Diagnosis
Salama, Abdallah, and Mariam all have different diagnosis stories; however, certain aspects are similar. First, each described traditional pre-diagnosis symptoms of frequent urination, dehydration, and weakness. Second, all said that doctors correctly recognized their symptoms quickly and seamlessly. Third, they were all prescribed significant diet changes immediately upon diagnosis.
Unfortunately, many in Rwanda do not receive rapid diagnoses. Regularly, symptoms of diabetes are confused with those of malaria, especially in youth. Moreover, the diagnosis process is often delayed due to symptoms being overlooked or families visiting traditional healers before health clinics.
Access to Medicine and Care
All three individuals agreed on one thing: diabetes supplies and medications are easy to come by in Kigali. Pharmacies – which are readily available throughout the city – carry test strips and needles. The numerous hospitals provide insulin and every hospital is outfitted with blood glucose meters so they can check those they believe are at risk of or have diabetes. In this case, Mariam, Abdallah, and Salama each have their own blood glucose meter.

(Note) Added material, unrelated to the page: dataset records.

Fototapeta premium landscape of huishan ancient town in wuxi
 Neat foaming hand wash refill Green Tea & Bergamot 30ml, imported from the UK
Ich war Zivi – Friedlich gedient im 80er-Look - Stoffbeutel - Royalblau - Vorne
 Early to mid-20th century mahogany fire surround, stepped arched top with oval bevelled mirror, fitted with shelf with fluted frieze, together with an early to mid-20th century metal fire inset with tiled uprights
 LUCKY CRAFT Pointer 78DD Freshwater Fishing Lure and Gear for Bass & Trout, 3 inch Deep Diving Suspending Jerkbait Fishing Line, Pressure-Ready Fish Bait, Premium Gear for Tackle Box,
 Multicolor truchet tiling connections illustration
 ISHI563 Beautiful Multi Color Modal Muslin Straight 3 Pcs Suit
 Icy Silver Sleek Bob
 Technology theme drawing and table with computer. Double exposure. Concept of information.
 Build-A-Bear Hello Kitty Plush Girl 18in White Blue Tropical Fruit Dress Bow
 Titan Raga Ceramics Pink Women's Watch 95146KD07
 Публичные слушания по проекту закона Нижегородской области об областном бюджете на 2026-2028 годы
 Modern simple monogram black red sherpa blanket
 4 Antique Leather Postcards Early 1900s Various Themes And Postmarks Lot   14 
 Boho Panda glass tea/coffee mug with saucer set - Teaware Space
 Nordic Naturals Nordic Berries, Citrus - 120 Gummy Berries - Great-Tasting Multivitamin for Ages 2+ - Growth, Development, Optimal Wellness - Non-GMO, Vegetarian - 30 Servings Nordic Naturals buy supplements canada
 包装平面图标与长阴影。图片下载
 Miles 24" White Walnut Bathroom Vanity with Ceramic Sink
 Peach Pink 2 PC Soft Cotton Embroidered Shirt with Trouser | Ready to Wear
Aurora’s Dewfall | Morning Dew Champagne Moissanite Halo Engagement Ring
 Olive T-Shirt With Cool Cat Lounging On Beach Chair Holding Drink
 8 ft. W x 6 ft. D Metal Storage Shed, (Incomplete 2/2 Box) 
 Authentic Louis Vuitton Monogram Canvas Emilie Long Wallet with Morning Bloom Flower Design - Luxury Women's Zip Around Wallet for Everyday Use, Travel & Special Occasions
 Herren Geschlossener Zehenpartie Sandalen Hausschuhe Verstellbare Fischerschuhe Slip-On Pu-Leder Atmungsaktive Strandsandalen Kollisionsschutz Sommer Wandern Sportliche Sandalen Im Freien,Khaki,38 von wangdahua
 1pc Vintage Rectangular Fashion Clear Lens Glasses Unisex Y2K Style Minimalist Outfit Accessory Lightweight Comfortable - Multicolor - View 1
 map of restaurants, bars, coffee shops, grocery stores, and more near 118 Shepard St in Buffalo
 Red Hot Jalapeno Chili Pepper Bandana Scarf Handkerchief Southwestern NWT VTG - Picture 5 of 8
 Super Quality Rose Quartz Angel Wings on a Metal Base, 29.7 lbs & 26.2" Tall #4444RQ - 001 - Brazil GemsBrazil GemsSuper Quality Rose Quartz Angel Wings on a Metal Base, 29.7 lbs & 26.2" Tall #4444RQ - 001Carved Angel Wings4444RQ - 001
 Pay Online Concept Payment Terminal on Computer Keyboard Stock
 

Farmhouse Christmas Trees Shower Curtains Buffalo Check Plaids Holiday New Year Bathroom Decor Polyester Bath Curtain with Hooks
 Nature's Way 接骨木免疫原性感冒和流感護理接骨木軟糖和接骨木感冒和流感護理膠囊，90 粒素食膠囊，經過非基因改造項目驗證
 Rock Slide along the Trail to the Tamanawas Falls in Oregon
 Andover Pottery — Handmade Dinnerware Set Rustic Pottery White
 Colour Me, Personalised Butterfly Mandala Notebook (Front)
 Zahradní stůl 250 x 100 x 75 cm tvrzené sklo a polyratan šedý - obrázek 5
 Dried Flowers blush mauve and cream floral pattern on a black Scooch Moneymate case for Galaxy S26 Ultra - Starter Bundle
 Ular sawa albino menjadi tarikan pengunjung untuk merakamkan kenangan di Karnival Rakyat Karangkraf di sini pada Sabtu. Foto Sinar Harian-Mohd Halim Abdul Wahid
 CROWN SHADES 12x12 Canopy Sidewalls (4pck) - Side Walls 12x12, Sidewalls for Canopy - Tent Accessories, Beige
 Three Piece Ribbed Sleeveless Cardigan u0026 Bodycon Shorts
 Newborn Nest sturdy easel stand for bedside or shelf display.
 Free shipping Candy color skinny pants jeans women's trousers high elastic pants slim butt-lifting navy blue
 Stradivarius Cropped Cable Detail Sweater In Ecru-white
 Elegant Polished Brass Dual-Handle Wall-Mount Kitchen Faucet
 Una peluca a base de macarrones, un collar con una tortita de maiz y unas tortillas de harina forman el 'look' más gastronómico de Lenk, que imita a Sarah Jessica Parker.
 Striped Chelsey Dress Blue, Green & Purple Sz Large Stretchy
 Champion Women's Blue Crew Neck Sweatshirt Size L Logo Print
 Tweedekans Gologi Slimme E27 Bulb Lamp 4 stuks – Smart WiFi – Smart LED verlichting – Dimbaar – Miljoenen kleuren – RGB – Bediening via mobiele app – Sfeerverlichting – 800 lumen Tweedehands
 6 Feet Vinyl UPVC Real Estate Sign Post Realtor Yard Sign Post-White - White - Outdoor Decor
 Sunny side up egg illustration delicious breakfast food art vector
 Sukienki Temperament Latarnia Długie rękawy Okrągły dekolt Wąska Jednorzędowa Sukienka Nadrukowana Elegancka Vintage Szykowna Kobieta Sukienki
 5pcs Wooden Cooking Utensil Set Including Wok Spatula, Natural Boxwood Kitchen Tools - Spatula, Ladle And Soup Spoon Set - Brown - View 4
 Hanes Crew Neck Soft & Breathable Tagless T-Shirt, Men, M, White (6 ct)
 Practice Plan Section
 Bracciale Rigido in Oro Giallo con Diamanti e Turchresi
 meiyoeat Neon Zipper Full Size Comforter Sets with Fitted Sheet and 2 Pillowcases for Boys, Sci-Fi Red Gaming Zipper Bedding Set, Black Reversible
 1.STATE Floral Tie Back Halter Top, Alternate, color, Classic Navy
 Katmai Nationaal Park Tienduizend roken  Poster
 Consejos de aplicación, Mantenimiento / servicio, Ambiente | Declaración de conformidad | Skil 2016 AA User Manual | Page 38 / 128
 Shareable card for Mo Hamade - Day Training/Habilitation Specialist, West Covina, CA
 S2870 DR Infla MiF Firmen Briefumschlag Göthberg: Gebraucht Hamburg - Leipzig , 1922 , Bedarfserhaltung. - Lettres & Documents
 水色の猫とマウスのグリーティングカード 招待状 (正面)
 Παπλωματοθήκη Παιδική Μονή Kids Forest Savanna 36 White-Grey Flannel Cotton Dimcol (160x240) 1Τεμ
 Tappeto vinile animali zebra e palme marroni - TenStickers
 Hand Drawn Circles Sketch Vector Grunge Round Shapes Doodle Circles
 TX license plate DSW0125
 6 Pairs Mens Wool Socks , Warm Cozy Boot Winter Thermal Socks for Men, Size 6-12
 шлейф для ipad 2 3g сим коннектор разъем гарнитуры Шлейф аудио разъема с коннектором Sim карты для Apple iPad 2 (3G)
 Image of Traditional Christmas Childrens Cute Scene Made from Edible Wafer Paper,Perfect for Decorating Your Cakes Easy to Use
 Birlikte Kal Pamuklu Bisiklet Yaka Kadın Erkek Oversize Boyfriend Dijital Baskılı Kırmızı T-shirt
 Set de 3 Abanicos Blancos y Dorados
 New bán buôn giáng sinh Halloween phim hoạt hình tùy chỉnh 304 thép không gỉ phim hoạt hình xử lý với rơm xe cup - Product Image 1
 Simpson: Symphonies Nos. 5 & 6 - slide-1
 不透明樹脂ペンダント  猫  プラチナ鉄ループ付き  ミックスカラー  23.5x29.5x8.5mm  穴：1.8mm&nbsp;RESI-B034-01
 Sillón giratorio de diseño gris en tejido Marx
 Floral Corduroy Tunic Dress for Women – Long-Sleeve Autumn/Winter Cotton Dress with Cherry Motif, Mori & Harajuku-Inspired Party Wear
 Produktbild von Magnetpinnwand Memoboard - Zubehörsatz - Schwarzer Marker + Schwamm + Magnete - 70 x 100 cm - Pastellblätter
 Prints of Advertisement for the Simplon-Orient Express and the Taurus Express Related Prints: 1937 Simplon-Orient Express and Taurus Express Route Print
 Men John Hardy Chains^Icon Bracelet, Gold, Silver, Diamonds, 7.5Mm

Rwanda’s universal health insurance system covers an estimated 75% of the population. Through this program, Mariam pays 10% of her health bills, which amount to RWF 10,000 (approx. USD $12) per month post-pregnancy. While pregnant, she was responsible for 10% of her insulin cost. Abdallah pays around RWF 12,000 (approx. US $14) per month for his treatment, as 85% of the cost is covered by insurance. All of Salama’s medical supplies are provided by the RDA, and will continue to be until she reaches the age of 25. At that point, 90% of her insulin costs will be paid by insurance, but strips and other supplies will not be covered. Even under the protection of insurance, it is expensive to purchase all the necessary supplies; but without it, the cost of diabetes care would be completely unmanageable.
Salama took time to point out that while this is the case in Kigali, it is not necessarily so outside the city. She said: “in villages, many need amputations or go blind due to diabetes complications.” Hospitals are much harder to access, making it difficult to purchase insulin or other supplies. Many people in rural areas cannot afford blood glucose meters so they must go to hospitals to check, meaning their blood sugar levels are rarely known. For those without access to care, diabetes remains a silent killer.
The Future
The positive attitude of all three individuals is astounding. Abdallah said that although he fears further complications, his work has yet to be impacted by his diabetes. Salama aspires to be a big business owner who “doesn’t want to be affected in any way” by her type 1 diabetes. Mariam assists her doctor in his research so that she, too, may help raise awareness about diabetes.
Abdallah summed up living with diabetes in Kigali quite well when he said: “I want to encourage anyone with diabetes. You can live with diabetes, since you can manage it.” This is especially true with government insurance bolstering quality medicine and care, increased awareness around the city, and resources like the RDA providing impactful mentorship for those they can reach. Nevertheless, much remains to be done outside of the city in terms of access and education for all forms of diabetes.